**PROBLEM STATEMENT**
Could you retype all of the data below exactly as given?

**RECORDS TO USE**

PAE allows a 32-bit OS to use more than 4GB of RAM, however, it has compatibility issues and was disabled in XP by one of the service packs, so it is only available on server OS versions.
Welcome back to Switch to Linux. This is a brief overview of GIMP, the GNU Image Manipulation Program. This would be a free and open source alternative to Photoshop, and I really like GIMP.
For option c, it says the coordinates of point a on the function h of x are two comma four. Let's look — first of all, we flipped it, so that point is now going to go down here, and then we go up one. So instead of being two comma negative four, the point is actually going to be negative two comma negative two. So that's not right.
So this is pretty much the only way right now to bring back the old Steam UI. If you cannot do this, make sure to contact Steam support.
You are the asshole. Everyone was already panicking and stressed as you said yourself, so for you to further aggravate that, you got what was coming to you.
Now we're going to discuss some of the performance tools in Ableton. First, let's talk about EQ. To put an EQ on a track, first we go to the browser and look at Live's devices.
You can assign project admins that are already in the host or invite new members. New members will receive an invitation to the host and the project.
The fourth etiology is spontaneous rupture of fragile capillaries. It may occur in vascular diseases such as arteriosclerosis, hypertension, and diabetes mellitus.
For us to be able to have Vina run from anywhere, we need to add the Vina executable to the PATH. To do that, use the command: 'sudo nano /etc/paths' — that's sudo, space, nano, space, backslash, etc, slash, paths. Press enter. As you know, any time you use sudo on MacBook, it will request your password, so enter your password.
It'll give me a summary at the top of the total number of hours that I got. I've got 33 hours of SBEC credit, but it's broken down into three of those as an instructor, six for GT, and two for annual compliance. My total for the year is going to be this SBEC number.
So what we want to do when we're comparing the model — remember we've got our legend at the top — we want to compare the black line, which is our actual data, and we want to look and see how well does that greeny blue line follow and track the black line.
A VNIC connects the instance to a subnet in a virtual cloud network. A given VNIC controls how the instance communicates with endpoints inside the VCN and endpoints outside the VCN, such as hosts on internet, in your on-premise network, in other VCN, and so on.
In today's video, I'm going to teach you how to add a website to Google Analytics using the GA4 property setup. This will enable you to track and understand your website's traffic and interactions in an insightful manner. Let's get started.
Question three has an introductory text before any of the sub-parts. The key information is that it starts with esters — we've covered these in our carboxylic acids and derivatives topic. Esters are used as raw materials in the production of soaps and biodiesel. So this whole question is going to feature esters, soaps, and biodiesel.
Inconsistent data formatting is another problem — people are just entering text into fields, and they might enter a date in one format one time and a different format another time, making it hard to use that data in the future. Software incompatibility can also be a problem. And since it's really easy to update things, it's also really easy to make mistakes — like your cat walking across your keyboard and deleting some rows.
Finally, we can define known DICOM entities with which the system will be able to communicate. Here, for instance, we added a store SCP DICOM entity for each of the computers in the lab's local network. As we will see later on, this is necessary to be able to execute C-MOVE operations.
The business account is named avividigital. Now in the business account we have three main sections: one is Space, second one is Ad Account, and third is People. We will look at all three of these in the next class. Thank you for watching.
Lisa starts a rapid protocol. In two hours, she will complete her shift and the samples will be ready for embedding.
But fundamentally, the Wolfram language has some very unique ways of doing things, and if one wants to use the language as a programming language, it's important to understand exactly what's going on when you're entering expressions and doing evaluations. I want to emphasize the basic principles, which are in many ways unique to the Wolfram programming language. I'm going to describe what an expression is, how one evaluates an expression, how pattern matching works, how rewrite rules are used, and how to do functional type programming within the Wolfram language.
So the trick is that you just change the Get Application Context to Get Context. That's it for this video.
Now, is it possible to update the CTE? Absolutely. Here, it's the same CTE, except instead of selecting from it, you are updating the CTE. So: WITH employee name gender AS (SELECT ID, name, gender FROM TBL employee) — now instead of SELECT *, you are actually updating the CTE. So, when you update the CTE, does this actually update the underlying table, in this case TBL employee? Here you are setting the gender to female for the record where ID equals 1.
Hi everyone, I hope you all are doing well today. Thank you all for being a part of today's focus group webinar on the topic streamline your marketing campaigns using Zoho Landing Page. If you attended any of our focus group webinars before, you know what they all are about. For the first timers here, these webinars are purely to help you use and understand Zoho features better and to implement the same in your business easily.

**EXPECTED ANSWER**
PAE allows a 32-bit OS to use more than 4GB of RAM, however, it has compatibility issues and was disabled in XP by one of the service packs, so it is only available on server OS versions.
Welcome back to Switch to Linux. This is a brief overview of GIMP, the GNU Image Manipulation Program. This would be a free and open source alternative to Photoshop, and I really like GIMP.
For option c, it says the coordinates of point a on the function h of x are two comma four. Let's look — first of all, we flipped it, so that point is now going to go down here, and then we go up one. So instead of being two comma negative four, the point is actually going to be negative two comma negative two. So that's not right.
So this is pretty much the only way right now to bring back the old Steam UI. If you cannot do this, make sure to contact Steam support.
You are the asshole. Everyone was already panicking and stressed as you said yourself, so for you to further aggravate that, you got what was coming to you.
Now we're going to discuss some of the performance tools in Ableton. First, let's talk about EQ. To put an EQ on a track, first we go to the browser and look at Live's devices.
You can assign project admins that are already in the host or invite new members. New members will receive an invitation to the host and the project.
The fourth etiology is spontaneous rupture of fragile capillaries. It may occur in vascular diseases such as arteriosclerosis, hypertension, and diabetes mellitus.
For us to be able to have Vina run from anywhere, we need to add the Vina executable to the PATH. To do that, use the command: 'sudo nano /etc/paths' — that's sudo, space, nano, space, backslash, etc, slash, paths. Press enter. As you know, any time you use sudo on MacBook, it will request your password, so enter your password.
It'll give me a summary at the top of the total number of hours that I got. I've got 33 hours of SBEC credit, but it's broken down into three of those as an instructor, six for GT, and two for annual compliance. My total for the year is going to be this SBEC number.
So what we want to do when we're comparing the model — remember we've got our legend at the top — we want to compare the black line, which is our actual data, and we want to look and see how well does that greeny blue line follow and track the black line.
A VNIC connects the instance to a subnet in a virtual cloud network. A given VNIC controls how the instance communicates with endpoints inside the VCN and endpoints outside the VCN, such as hosts on internet, in your on-premise network, in other VCN, and so on.
In today's video, I'm going to teach you how to add a website to Google Analytics using the GA4 property setup. This will enable you to track and understand your website's traffic and interactions in an insightful manner. Let's get started.
Question three has an introductory text before any of the sub-parts. The key information is that it starts with esters — we've covered these in our carboxylic acids and derivatives topic. Esters are used as raw materials in the production of soaps and biodiesel. So this whole question is going to feature esters, soaps, and biodiesel.
Inconsistent data formatting is another problem — people are just entering text into fields, and they might enter a date in one format one time and a different format another time, making it hard to use that data in the future. Software incompatibility can also be a problem. And since it's really easy to update things, it's also really easy to make mistakes — like your cat walking across your keyboard and deleting some rows.
Finally, we can define known DICOM entities with which the system will be able to communicate. Here, for instance, we added a store SCP DICOM entity for each of the computers in the lab's local network. As we will see later on, this is necessary to be able to execute C-MOVE operations.
The business account is named avividigital. Now in the business account we have three main sections: one is Space, second one is Ad Account, and third is People. We will look at all three of these in the next class. Thank you for watching.
Lisa starts a rapid protocol. In two hours, she will complete her shift and the samples will be ready for embedding.
But fundamentally, the Wolfram language has some very unique ways of doing things, and if one wants to use the language as a programming language, it's important to understand exactly what's going on when you're entering expressions and doing evaluations. I want to emphasize the basic principles, which are in many ways unique to the Wolfram programming language. I'm going to describe what an expression is, how one evaluates an expression, how pattern matching works, how rewrite rules are used, and how to do functional type programming within the Wolfram language.
So the trick is that you just change the Get Application Context to Get Context. That's it for this video.
Now, is it possible to update the CTE? Absolutely. Here, it's the same CTE, except instead of selecting from it, you are updating the CTE. So: WITH employee name gender AS (SELECT ID, name, gender FROM TBL employee) — now instead of SELECT *, you are actually updating the CTE. So, when you update the CTE, does this actually update the underlying table, in this case TBL employee? Here you are setting the gender to female for the record where ID equals 1.
Hi everyone, I hope you all are doing well today. Thank you all for being a part of today's focus group webinar on the topic streamline your marketing campaigns using Zoho Landing Page. If you attended any of our focus group webinars before, you know what they all are about. For the first timers here, these webinars are purely to help you use and understand Zoho features better and to implement the same in your business easily.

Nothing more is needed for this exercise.